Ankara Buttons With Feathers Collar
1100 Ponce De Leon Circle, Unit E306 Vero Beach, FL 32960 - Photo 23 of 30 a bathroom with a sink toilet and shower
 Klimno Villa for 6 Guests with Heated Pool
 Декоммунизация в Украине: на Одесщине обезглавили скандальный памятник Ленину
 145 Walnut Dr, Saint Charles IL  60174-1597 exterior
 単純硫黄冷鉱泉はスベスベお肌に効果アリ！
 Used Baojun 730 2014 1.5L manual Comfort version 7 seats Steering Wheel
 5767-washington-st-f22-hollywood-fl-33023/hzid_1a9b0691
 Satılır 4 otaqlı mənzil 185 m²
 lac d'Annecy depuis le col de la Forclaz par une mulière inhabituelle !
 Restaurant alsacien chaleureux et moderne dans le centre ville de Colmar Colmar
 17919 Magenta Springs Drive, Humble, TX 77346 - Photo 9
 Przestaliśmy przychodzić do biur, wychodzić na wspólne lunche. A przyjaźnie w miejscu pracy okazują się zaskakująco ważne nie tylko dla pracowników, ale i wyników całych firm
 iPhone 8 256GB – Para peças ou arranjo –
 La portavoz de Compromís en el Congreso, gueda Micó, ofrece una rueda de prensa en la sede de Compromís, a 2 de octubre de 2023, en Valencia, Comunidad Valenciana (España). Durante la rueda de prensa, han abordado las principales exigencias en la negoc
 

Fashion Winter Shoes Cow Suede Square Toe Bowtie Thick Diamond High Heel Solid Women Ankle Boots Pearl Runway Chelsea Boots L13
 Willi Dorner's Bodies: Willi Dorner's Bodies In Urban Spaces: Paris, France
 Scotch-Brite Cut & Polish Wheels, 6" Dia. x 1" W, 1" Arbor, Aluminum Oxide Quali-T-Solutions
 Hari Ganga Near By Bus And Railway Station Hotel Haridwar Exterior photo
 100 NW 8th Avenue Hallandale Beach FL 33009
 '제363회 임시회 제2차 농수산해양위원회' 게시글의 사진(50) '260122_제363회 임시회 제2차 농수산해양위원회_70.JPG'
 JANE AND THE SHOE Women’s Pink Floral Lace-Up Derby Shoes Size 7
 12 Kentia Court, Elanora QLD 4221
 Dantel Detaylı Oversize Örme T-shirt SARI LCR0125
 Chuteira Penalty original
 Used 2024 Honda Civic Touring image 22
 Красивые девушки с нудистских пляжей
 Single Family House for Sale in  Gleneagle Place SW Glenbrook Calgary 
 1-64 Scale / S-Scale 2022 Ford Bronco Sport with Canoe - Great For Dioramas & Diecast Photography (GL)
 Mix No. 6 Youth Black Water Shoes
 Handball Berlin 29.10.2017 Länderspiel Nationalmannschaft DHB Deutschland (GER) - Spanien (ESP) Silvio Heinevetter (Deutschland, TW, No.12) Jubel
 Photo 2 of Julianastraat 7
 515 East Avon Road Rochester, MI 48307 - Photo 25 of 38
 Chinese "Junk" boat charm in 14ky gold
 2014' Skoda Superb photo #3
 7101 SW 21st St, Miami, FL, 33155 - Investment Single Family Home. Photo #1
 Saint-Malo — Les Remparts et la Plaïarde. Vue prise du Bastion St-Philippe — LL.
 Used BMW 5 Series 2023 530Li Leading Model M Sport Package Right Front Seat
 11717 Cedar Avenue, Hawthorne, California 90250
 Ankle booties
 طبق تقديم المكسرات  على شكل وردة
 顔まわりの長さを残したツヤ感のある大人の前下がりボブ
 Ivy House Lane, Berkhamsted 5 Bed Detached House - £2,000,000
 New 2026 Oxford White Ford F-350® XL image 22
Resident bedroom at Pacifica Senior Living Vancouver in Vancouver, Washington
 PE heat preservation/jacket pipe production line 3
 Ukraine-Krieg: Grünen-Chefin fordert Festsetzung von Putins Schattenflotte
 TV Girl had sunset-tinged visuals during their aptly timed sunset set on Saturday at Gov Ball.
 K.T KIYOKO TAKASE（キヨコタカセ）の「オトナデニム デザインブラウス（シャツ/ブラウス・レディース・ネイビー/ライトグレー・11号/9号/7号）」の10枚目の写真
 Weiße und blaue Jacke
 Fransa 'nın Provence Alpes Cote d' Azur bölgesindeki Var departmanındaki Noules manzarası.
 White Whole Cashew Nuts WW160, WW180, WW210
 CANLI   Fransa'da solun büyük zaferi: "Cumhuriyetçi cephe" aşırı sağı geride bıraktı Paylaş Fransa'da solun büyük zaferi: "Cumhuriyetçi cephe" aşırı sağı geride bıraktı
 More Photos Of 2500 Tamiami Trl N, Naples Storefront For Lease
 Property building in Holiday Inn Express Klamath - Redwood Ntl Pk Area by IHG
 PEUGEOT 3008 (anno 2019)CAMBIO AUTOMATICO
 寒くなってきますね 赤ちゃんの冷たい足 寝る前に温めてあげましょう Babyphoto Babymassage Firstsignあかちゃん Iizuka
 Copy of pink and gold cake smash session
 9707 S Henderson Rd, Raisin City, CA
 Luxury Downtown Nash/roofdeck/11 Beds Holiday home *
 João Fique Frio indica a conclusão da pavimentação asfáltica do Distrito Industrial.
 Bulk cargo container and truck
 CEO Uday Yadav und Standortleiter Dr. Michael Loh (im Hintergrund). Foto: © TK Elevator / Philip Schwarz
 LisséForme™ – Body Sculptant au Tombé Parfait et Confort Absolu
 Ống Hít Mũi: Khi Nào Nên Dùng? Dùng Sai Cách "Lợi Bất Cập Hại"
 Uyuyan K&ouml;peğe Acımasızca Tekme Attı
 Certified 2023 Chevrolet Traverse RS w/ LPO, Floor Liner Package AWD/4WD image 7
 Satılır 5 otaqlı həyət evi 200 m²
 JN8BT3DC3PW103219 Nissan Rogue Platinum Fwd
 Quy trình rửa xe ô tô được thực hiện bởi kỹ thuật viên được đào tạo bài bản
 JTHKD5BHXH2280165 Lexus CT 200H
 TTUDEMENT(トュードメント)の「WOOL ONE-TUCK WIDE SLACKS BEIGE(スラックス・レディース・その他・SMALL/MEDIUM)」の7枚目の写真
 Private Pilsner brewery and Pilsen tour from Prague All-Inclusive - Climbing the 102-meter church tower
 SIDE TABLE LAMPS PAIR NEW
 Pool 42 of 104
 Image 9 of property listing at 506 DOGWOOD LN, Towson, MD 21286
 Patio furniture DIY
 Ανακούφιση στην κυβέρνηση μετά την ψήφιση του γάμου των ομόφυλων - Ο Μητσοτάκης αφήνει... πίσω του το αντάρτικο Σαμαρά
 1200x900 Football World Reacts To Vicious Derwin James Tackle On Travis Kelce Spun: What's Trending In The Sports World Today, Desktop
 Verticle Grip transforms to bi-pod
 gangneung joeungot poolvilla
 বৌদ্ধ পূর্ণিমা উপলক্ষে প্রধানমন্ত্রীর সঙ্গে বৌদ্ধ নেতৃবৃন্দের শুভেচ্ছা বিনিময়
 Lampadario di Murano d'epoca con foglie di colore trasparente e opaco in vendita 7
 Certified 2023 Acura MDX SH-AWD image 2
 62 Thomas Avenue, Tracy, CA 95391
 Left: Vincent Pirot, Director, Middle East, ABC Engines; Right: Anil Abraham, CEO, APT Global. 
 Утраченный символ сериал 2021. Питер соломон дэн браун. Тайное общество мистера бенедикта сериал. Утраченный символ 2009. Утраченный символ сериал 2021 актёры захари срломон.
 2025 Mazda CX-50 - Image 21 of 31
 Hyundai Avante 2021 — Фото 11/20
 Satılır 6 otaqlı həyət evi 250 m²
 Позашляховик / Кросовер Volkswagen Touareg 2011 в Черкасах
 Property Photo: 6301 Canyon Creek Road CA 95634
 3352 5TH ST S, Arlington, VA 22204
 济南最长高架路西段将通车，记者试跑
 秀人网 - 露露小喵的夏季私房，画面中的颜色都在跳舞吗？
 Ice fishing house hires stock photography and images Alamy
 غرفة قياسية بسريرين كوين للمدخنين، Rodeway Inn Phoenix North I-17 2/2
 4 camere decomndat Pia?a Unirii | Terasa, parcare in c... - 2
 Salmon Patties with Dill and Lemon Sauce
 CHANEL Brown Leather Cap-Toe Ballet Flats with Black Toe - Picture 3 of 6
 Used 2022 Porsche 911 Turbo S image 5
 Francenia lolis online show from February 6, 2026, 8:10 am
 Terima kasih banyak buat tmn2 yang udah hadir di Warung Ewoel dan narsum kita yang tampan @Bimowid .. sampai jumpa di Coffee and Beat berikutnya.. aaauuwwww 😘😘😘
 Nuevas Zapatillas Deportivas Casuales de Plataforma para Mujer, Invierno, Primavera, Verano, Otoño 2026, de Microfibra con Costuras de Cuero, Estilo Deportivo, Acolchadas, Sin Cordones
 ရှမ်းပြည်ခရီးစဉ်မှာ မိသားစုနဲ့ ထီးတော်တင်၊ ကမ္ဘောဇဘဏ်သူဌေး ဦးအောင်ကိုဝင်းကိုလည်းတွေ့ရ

---

How to complete this task » Whenever a line in the data above contains the word "Avenue", include it in the tally, and report only the final number.

Expected answer » 3